There are shortenings of the full note names, though there is local variation in this regard (TBC).
Kebri uses a compatible system with native nomenclature; the present system clearly post-dates the Aďivro, as its note names begin with the same letters, making Kebreni notation compatible (TBC). There have been attempts to ‘Eleďify’ the Verdurian system, including Erenáti proposals to rename notes after Eleďe saints, but these have not attracted widespread interest.

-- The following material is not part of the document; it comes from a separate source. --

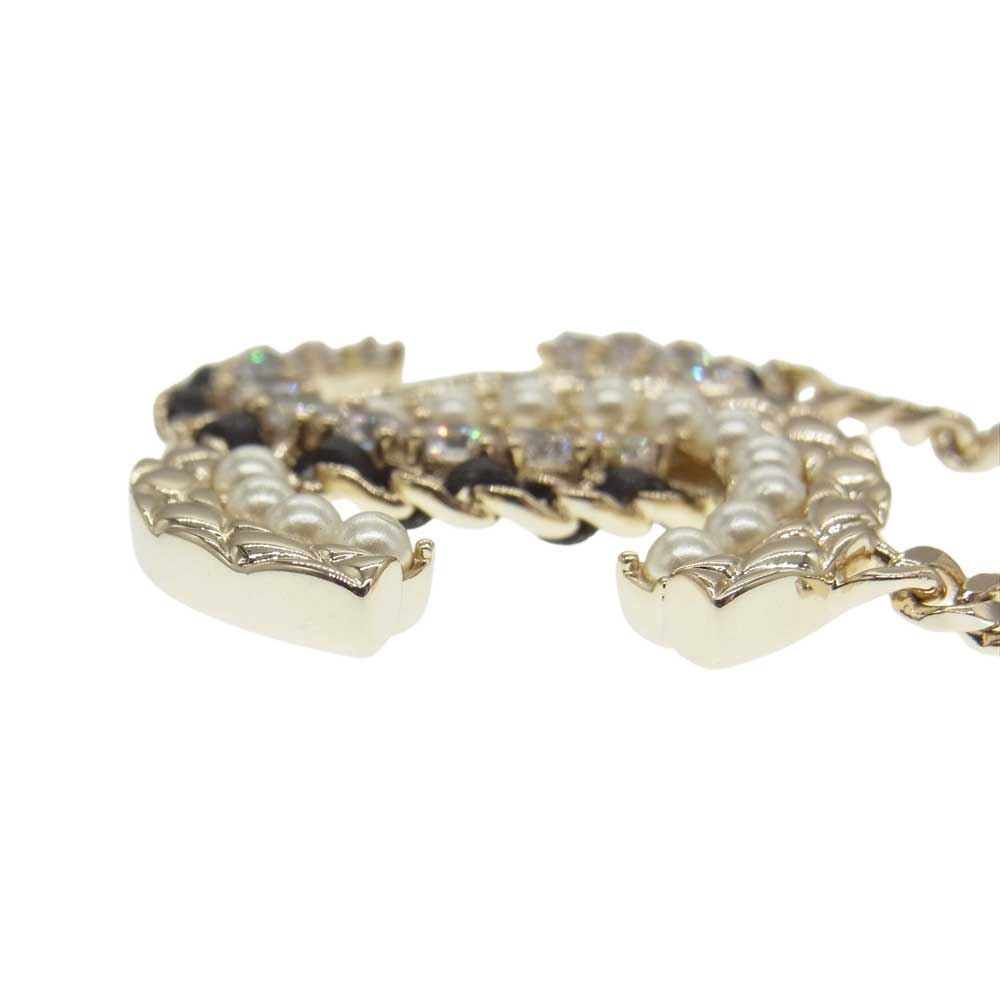 CHANEL シャネル B22B ココマーク マトラッセ レザー パール ラインストーン チョーカー ネックレス ゴールド系【中古】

The Cuzeians had documented their division of the octave into 12 pitches nearly two thousand years prior, though they left no notated music. Cuzeian theorist Einatu implies that the Meťaiun used 6 or 7 notes, but had variants for each, which some scholars have interpreted as evidence of the Meťaiun originating the 12-note octave.

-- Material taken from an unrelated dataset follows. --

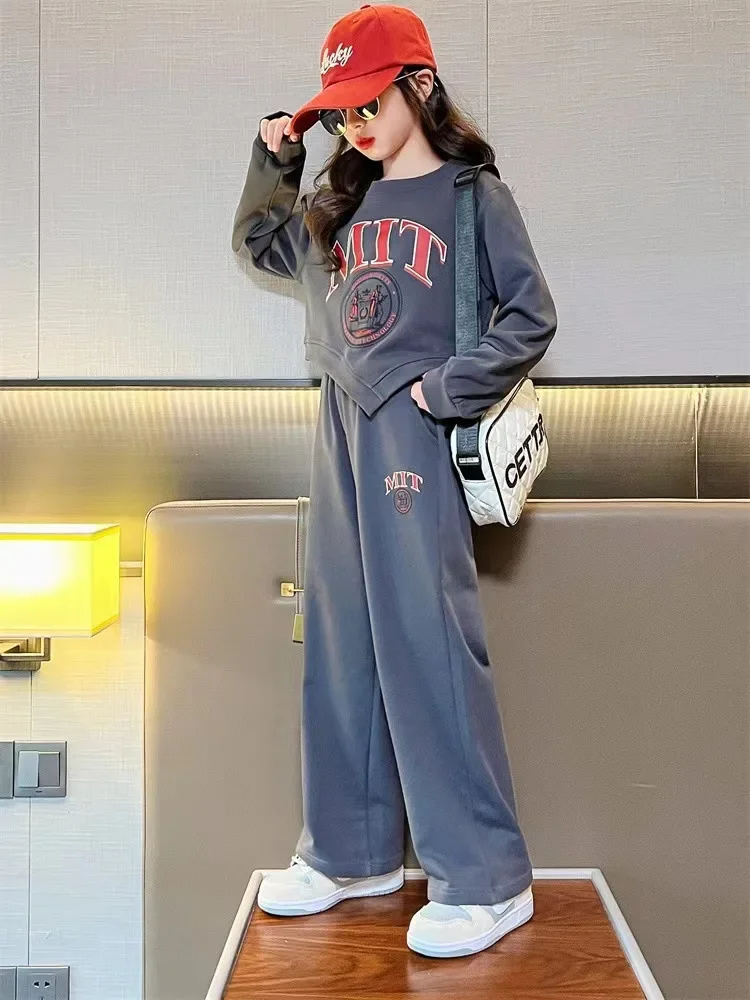 Спортивный костюм для девочек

This system is a hybrid moveable-Do and fixed-Do system. I will say more about this later; for now I've chosen D to represent Enäron for two reasons: (a) what we call the Dorian mode (all the white keys of the piano from D-D) is one of the three foundational heptatonic modes of the Caďin system as set out in the Aďivro, so learning to think from D-D would marginally help you become more Almean in your music-making; (b) in the modern system,
cumpogul Enäron (‘absolute Enäron’) is fixed at 12^12 cycles per
piya, equivalent to about 564.93 Hz, which is between our D and C# (thanks to Mark for help with the calculations!).
Edit:
*If you’re looking for a major/minor equivalent, it
was to be found here, but after further work I
think I’m going to change a few things (including the colouring of the keyboard, to come) and disappoint/confuse you:
embre is now taken to mean ‘less pure than
seor, but less dissonant than
egre’. The Dorian (‘Svetle’) mode being foundational to this system, its notes are the seven
embre and
seor notes (including our minor third). The others are
egre ‒ including our major third. It may help to see
egre as describing citrus fruit (which can be both sweet and sour) ‒ and
embre as describing e.g. berries (again, can be sweet, though not in the same sharp-edged way as an orange, and sometimes bitter... this is attested ‒
embrezihe means ‘raspberry’). I’m going to try to let this idea settle ‒ it may go back to how it was before (e.g. the notes we call major are ‘egre’ and those we call minor are ‘embre’ ‒ though note that Eretaldan scales are not categorised in terms of their ‘major/minor’ profile).
Another note: this isn’t exactly a little instrument. Kaidan’s case is probably half the size of his pack and has to be carried next to it, awkwardly over his shoulder or on his front. It has around 30 strings (covering two and a bit octaves), weighs a good deal more than nothing would, is relatively fragile, and could have taken him a whole 20-minute
kašuek game to tune. It’s not enormously loud, either ‒ though it is strung with metal strings, has a well-crafted soundbox, and can carry better when picked with long fingernails or fingerpicks, played with beaters, and/or set on a bespoke frame (which, of course, Kaidan has not brought). It’s far from an ideal traveller’s instrument ‒ but he loves it, and it’s his best chance of making money, so here it is.